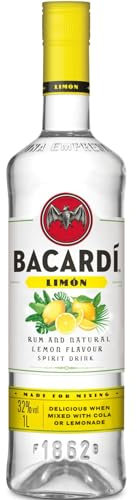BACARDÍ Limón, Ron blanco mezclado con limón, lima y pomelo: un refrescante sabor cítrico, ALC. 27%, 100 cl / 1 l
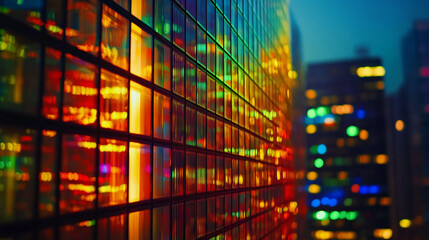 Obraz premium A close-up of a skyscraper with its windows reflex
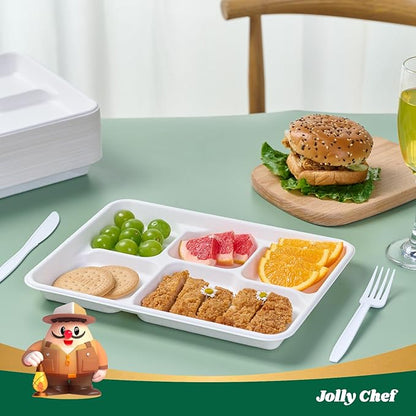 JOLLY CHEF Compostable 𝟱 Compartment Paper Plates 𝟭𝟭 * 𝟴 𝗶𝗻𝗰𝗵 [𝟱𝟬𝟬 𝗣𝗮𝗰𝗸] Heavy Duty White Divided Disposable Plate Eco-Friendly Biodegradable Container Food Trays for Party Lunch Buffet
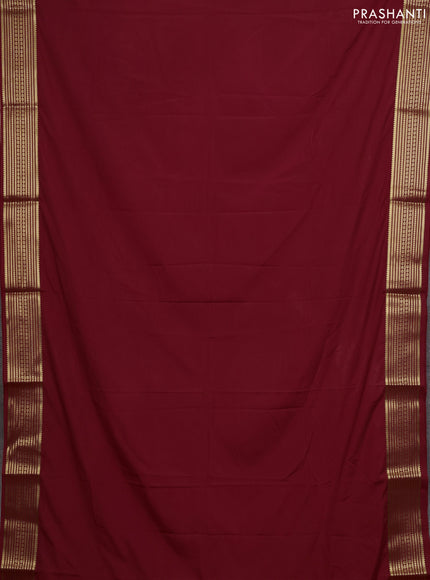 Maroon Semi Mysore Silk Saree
--
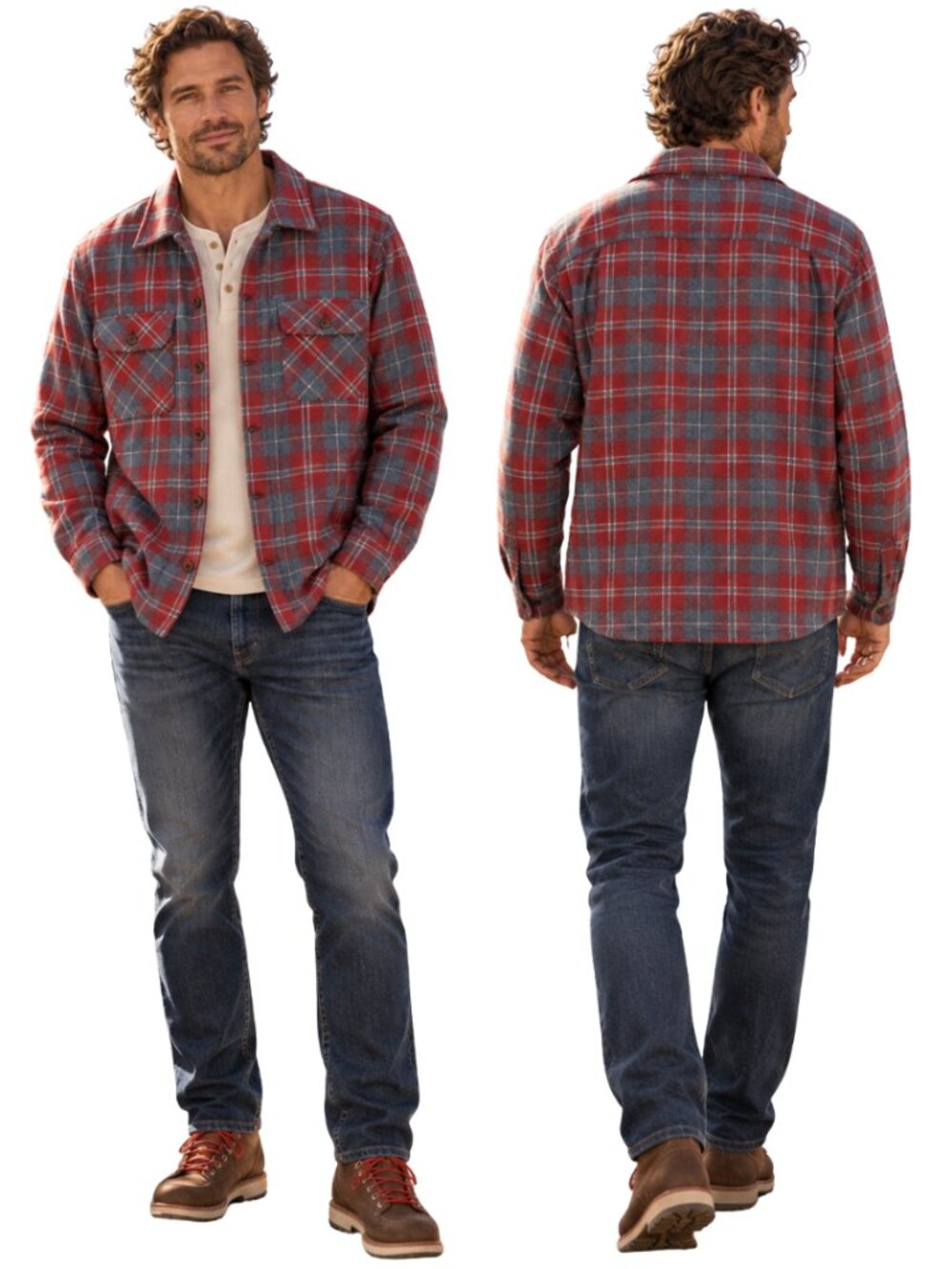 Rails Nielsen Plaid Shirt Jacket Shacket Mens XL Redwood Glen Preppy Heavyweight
--
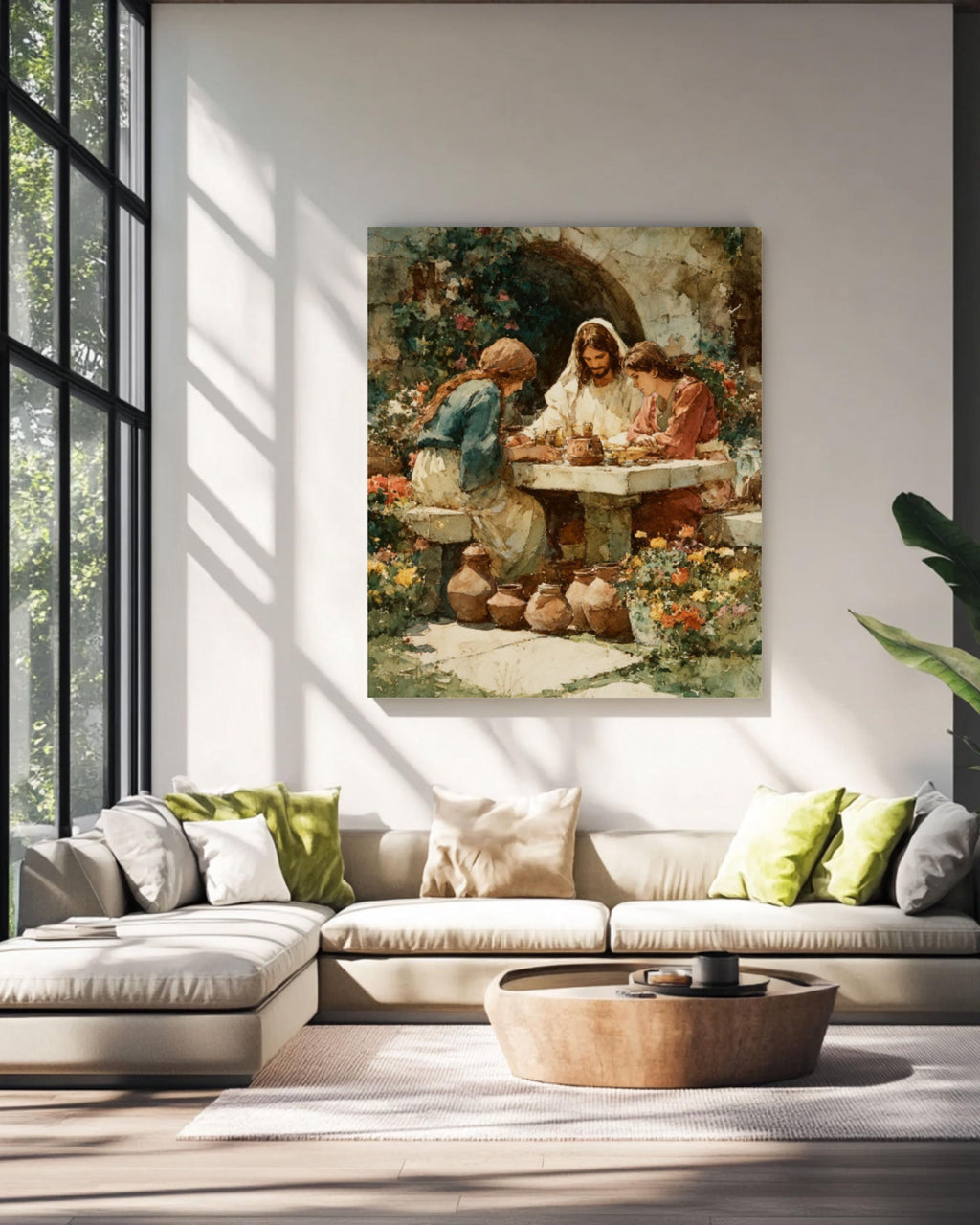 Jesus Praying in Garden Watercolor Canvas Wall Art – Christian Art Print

## PROBLEM DETAILS
Take the entries above and copy exactly the lines starting at the one with "Obraz premium A" and ending at the one with "Maroon Semi Mysore Silk Saree"; nothing outside that span, and no pictures.

## EXERCISE RESULT
 Obraz premium A close-up of a skyscraper with its windows reflex
 JOLLY CHEF Compostable 𝟱 Compartment Paper Plates 𝟭𝟭 * 𝟴 𝗶𝗻𝗰𝗵 [𝟱𝟬𝟬 𝗣𝗮𝗰𝗸] Heavy Duty White Divided Disposable Plate Eco-Friendly Biodegradable Container Food Trays for Party Lunch Buffet
 Maroon Semi Mysore Silk Saree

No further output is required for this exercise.